Ultime nomine e promozioni in Rai: è polemica tra azienda e Usigrai

E’ finito – ci segnala un anziano collega – l’amore tra i dirigenti della Rai e i responsabili del sindacato Usigrai. Ora le scelte editoriali vengono fatte spesso in contrapposizione con i sindacalisti dell’Usigrai che – è bene ricordarlo – per anni hanno fatto il bello e il cattivo tempo nella gestione di nomine, promozioni e linee editoriali.

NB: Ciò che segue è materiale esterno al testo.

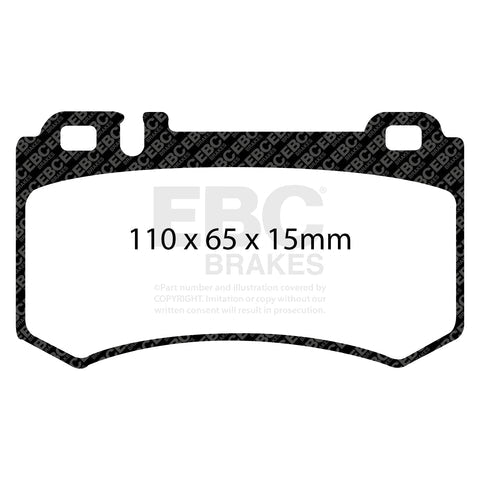 EBC Greenstuff 2000 Series Sport Brake Pad Set (DP21490) Image 2
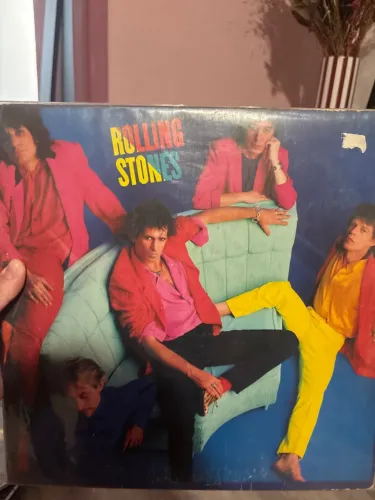 LP Dirty Work Rolling Stones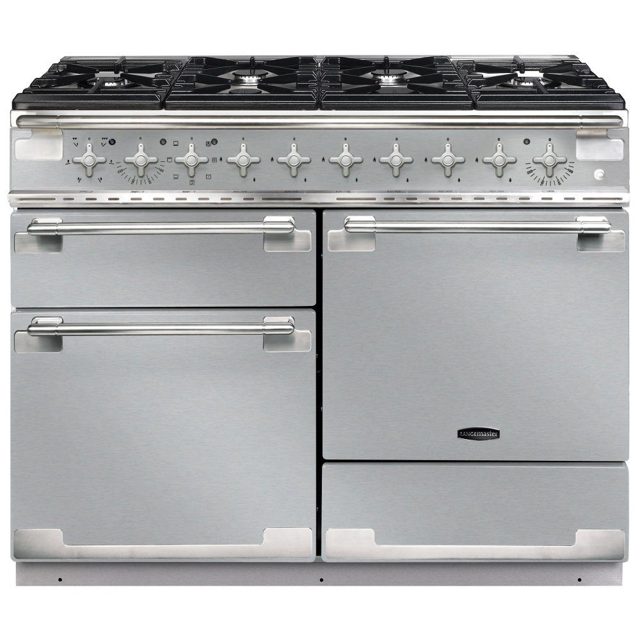 Rangemaster Elise 110cm Dual Fuel Range Cooker 94220 ELS110DFFSS/ Stainless Steel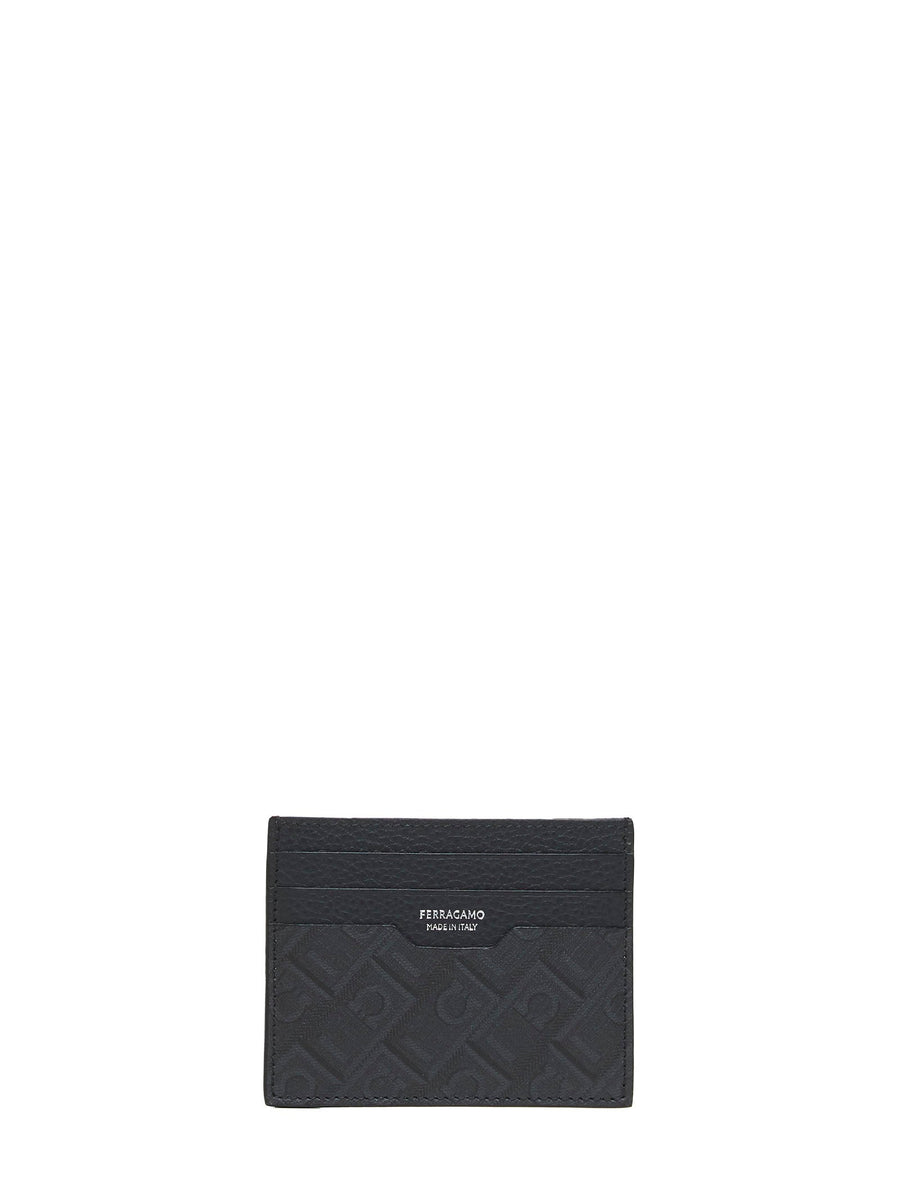 Cardholder Monogram Black Polyurethane Wallets & Cardholders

Come è avvenuto con l’ultimo valzer di nomine che, nei giorni scorsi, ha interessato i vertici  giornalistici della Rai. Per questo, ieri, con un polemico comunicato l’esecutivo Usigrai ha sottolineato la necessità di “una riforma della governance dell’azienda” per “restituire autonomia e indipendenza al servizio pubblico radiotelevisivo”.

Ancora una volta la Rai – si legge nella nota – è sulle pagine dei giornali per un valzer di nomine che non ha alcun apparente motivo editoriale né industriale. Ancora una volta tutto sembra ruotare intorno a equilibri, o equilibrismi, politici che non hanno come priorità lo sviluppo della Rai servizio pubblico”. 

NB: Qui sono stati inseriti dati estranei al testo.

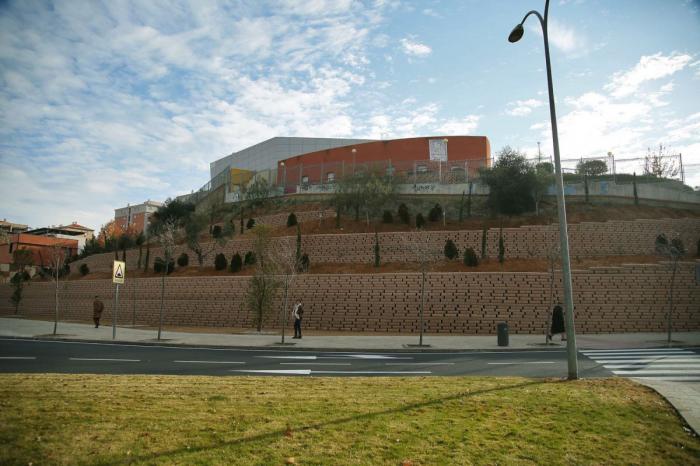 Milagros Tolón visita las obras del talud de la avenida de Irlanda con una inversión de 240.000 euros y más de 350 árboles y arbustos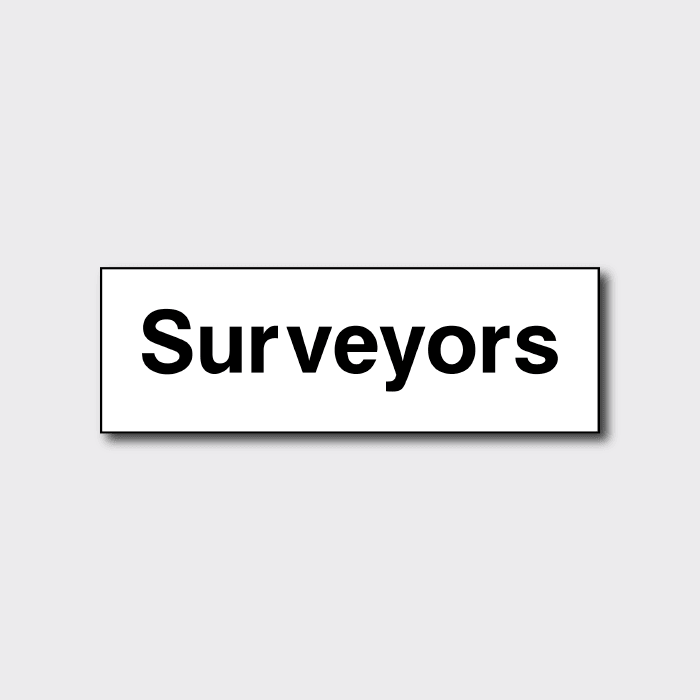 Surveyors Sign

Tutto questo – conclude la nota – rende ancora una volta evidente che solo una riforma della governance dell’azienda può restituire autonomia e indipendenza al servizio pubblico radiotelevisivo. In parlamento i lavori per un testo di legge sono già in corso, ma arenati: i partiti utilizzino questo scorcio di legislatura per approvarlo, se veramente vogliono occuparsi della Rai e non della sua occupazione”.